[Source material Boundary: Start]

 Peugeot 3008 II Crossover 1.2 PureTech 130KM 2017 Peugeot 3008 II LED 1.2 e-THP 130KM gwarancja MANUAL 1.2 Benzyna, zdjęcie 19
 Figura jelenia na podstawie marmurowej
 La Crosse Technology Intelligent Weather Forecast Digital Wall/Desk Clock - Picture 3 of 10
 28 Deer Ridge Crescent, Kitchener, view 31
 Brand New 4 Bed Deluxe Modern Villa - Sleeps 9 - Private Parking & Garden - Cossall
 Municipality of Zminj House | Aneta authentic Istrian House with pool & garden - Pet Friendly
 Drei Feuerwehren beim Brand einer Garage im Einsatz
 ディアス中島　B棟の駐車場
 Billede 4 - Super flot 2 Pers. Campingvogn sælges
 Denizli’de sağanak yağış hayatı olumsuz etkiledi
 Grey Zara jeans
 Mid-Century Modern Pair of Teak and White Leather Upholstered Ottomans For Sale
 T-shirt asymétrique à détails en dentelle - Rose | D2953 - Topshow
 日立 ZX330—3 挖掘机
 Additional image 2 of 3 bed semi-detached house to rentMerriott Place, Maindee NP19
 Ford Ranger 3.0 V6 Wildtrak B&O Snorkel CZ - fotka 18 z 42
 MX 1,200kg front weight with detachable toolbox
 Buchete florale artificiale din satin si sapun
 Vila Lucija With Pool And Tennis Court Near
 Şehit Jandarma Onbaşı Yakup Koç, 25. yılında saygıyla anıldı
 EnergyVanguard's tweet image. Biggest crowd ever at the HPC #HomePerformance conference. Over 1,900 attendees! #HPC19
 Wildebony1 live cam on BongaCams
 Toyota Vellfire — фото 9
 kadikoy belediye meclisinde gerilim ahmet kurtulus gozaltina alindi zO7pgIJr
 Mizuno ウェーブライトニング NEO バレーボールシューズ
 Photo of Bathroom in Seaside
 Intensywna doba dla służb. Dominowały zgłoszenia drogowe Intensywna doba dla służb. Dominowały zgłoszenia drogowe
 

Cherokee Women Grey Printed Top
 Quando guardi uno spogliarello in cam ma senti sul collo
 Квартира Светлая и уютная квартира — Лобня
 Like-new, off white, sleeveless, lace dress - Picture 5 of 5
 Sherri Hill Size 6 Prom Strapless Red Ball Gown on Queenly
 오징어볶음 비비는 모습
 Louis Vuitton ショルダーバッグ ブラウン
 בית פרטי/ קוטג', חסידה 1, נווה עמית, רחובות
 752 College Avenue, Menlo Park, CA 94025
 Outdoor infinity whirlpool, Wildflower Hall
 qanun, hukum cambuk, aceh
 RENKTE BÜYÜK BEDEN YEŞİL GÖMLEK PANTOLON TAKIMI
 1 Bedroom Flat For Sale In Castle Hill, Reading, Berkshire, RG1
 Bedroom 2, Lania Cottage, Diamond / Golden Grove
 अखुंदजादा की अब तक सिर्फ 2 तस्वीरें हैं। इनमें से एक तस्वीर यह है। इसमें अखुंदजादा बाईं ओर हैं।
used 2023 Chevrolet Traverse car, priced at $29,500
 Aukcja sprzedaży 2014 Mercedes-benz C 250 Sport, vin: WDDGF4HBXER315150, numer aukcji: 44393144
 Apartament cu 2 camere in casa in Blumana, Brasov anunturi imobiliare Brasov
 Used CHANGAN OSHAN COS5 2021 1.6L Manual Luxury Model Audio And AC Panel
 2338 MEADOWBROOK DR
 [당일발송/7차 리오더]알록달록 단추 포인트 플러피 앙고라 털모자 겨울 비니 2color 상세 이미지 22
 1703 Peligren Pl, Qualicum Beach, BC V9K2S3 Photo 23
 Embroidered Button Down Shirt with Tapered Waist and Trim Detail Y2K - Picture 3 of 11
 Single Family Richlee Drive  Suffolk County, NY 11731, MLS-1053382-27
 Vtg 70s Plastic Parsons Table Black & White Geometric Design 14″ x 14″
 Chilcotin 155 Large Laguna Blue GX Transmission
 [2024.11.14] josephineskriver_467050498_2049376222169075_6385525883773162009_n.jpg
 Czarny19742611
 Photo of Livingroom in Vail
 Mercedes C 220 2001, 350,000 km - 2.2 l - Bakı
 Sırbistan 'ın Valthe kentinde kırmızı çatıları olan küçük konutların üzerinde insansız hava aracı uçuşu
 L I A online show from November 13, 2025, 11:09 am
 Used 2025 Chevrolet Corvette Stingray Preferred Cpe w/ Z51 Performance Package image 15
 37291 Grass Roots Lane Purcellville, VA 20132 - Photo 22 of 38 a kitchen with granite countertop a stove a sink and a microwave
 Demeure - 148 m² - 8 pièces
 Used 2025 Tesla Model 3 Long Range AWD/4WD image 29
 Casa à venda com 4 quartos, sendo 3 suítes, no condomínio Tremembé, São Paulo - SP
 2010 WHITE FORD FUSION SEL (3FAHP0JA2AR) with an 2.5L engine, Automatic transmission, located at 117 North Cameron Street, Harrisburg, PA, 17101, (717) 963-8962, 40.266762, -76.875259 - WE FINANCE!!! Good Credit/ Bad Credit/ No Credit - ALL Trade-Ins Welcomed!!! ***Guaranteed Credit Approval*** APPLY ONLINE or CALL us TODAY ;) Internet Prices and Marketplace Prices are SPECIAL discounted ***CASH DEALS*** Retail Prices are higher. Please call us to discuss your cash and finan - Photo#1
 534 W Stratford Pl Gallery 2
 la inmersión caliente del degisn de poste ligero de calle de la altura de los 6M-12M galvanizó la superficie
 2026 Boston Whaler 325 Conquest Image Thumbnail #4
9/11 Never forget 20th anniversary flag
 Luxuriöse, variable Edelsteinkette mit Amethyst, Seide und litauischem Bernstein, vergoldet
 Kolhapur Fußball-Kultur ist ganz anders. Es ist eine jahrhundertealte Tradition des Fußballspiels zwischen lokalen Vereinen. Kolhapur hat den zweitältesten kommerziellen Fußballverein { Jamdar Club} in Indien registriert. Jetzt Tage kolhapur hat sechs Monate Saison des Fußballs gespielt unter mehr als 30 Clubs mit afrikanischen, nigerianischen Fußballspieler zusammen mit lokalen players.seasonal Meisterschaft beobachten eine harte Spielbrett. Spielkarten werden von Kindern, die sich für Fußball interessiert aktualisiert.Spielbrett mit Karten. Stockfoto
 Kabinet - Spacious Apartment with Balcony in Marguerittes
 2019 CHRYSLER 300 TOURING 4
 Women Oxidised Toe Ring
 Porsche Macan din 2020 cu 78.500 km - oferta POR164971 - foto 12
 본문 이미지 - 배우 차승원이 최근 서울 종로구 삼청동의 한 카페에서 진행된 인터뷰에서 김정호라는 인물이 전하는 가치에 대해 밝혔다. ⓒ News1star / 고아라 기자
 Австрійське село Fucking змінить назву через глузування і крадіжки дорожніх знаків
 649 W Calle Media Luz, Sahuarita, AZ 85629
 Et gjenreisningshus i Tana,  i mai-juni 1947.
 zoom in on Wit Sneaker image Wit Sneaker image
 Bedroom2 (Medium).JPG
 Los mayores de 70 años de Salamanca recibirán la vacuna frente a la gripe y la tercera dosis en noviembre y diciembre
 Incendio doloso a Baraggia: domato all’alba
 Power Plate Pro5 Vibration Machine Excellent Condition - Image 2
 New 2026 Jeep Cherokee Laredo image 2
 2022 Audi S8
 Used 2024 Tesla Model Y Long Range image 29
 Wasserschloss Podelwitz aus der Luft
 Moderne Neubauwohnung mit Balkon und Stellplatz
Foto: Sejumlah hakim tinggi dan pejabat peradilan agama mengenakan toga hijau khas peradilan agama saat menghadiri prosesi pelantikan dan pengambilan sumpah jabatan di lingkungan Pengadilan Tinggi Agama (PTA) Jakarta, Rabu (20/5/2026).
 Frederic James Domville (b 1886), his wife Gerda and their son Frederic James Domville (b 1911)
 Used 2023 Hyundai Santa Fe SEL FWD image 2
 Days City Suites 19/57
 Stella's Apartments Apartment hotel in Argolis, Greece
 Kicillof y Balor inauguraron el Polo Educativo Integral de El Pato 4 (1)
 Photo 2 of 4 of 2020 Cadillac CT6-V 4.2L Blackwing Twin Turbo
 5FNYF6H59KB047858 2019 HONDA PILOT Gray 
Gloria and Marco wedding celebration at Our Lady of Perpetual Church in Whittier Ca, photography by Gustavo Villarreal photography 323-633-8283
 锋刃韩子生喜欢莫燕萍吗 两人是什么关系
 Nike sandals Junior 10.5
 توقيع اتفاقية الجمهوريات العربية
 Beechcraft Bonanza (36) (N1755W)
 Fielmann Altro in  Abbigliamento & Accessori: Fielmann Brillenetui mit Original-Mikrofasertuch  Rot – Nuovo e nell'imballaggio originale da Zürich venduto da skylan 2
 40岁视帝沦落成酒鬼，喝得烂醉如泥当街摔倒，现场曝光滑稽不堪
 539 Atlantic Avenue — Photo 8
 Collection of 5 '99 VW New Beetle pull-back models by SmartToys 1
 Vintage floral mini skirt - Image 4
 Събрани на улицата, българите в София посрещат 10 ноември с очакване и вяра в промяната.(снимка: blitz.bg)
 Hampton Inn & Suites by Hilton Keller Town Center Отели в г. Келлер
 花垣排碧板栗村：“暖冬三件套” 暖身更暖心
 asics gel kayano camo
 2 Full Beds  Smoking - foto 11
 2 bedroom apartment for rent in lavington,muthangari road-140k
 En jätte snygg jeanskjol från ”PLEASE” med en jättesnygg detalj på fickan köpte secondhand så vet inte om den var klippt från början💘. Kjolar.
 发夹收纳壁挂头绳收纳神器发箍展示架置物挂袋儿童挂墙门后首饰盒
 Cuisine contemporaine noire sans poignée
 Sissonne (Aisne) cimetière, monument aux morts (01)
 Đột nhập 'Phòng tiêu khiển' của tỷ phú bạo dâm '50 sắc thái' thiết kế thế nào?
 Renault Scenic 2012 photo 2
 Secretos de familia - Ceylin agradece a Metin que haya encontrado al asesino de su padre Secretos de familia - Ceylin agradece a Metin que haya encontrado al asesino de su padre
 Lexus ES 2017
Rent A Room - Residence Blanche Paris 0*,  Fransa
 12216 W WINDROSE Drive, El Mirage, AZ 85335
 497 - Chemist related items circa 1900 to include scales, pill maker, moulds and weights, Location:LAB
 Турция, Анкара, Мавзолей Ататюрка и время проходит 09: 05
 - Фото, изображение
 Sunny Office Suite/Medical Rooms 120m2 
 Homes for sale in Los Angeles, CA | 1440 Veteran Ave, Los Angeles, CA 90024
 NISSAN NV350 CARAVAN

[Source material Boundary: End]

What to do ->
In the data above, find the line with "Buchete florale artificiale" and the line with "1703 Peligren Pl, Qualicum". Retype both, plus every line between them, exactly.

Exercise answer ->
 Buchete florale artificiale din satin si sapun
 Vila Lucija With Pool And Tennis Court Near
 Şehit Jandarma Onbaşı Yakup Koç, 25. yılında saygıyla anıldı
 EnergyVanguard's tweet image. Biggest crowd ever at the HPC #HomePerformance conference. Over 1,900 attendees! #HPC19
 Wildebony1 live cam on BongaCams
 Toyota Vellfire — фото 9
 kadikoy belediye meclisinde gerilim ahmet kurtulus gozaltina alindi zO7pgIJr
 Mizuno ウェーブライトニング NEO バレーボールシューズ
 Photo of Bathroom in Seaside
 Intensywna doba dla służb. Dominowały zgłoszenia drogowe Intensywna doba dla służb. Dominowały zgłoszenia drogowe
 

Cherokee Women Grey Printed Top
 Quando guardi uno spogliarello in cam ma senti sul collo
 Квартира Светлая и уютная квартира — Лобня
 Like-new, off white, sleeveless, lace dress - Picture 5 of 5
 Sherri Hill Size 6 Prom Strapless Red Ball Gown on Queenly
 오징어볶음 비비는 모습
 Louis Vuitton ショルダーバッグ ブラウン
 בית פרטי/ קוטג', חסידה 1, נווה עמית, רחובות
 752 College Avenue, Menlo Park, CA 94025
 Outdoor infinity whirlpool, Wildflower Hall
 qanun, hukum cambuk, aceh
 RENKTE BÜYÜK BEDEN YEŞİL GÖMLEK PANTOLON TAKIMI
 1 Bedroom Flat For Sale In Castle Hill, Reading, Berkshire, RG1
 Bedroom 2, Lania Cottage, Diamond / Golden Grove
 अखुंदजादा की अब तक सिर्फ 2 तस्वीरें हैं। इनमें से एक तस्वीर यह है। इसमें अखुंदजादा बाईं ओर हैं।
used 2023 Chevrolet Traverse car, priced at $29,500
 Aukcja sprzedaży 2014 Mercedes-benz C 250 Sport, vin: WDDGF4HBXER315150, numer aukcji: 44393144
 Apartament cu 2 camere in casa in Blumana, Brasov anunturi imobiliare Brasov
 Used CHANGAN OSHAN COS5 2021 1.6L Manual Luxury Model Audio And AC Panel
 2338 MEADOWBROOK DR
 [당일발송/7차 리오더]알록달록 단추 포인트 플러피 앙고라 털모자 겨울 비니 2color 상세 이미지 22
 1703 Peligren Pl, Qualicum Beach, BC V9K2S3 Photo 23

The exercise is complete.